O não é um bom começo. Uma frase com antônimo não é tão poderosa quanto a frase negativa. Um "eu te odeio" é menos pior que um "eu não te amo". Pois na segunda, você afirma a impossibilidade de algo bom que poderia acontecer, enquanto a primeira beira a esterilidade do xingamento. Ou seja, na última, você diz sem dizer que poderia amar, e não ama; já no antônimo, você odeia, mas também pode amar (viva a contradição humana). Vejam, estou falando de algo para cortar de fora a fora a alma. Em outros contextos, um "eu te odeio" deve funcionar melhor, mas não estou muito preocupada com isto. Usei este exemplo banal, tão banal que não consegui resolver, nem assim (creio que uma lista de coisas que eu não sinto também não resolve). Dirá com o complexo jogo de sentimentos nada cristãos que borbulham aqui dentro.
Dizem que a indiferença também funciona, mas o alvo da lâmina geralmente é impreciso.

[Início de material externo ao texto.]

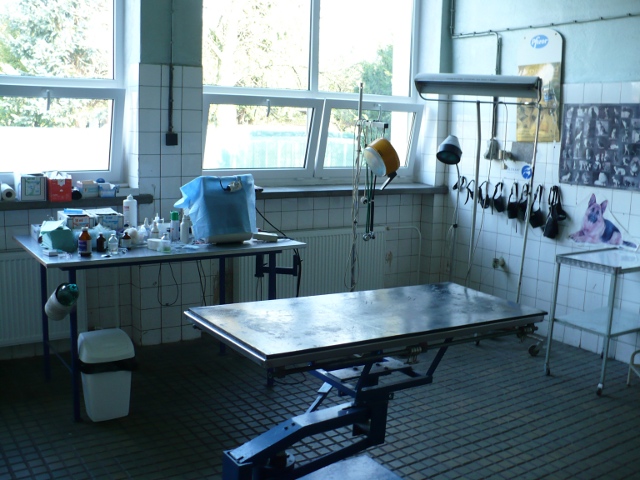 Fotografia z veterinárnej kliniky 8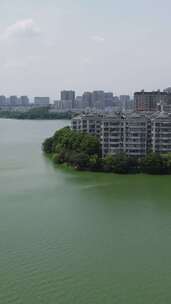 竖版航拍湖北鄂州东洋澜湖湿地公园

E eu queria atingir ali, naquele lugar, especificamente no ponto onde até o silêncio entre o ponto final e o próximo parágrafo gera um soluço longo e apertado. Já que não sei como fazer isto, que fique registrada a minha vontade.

segunda-feira, 4 de dezembro de 2006

Leitura
Eu o leio. Leio até o fim com a astúcia que me é permitida, nem que ele coloque veneno em cada página que eu virar, nem que a capa se encha de espinho, nem que o cheiro se torne intragável, nem que ele escreva as palavras mais horrendas, nem que cada leitura se torne uma guerra, nem que a cada linha ele queira arrancar minha vista. Não adianta. Ele não consegue esconder as entrelinhas da sua própria personalidade. O infeliz tenta, é verdade: se enche de páginas de propaganda de vileza, crueldade, frieza e, claro, indiferença. Faz questão de colocar tudo isto em anúncios de exclusividade e primeira página, mas, desse livro, já conheço o índice e o prefácio e sei facilmente descartar estas propagandas baratas. Afinal, eu sei que os capítulos doçura, insegurança e carência estão nas páginas 172, 268 e 564 respectivamente. Confesso que até me divirto, como quando olho para uma propaganda ignóbil e me pergunto, sempre, como alguém pode acreditar numa coisa ridícula destas.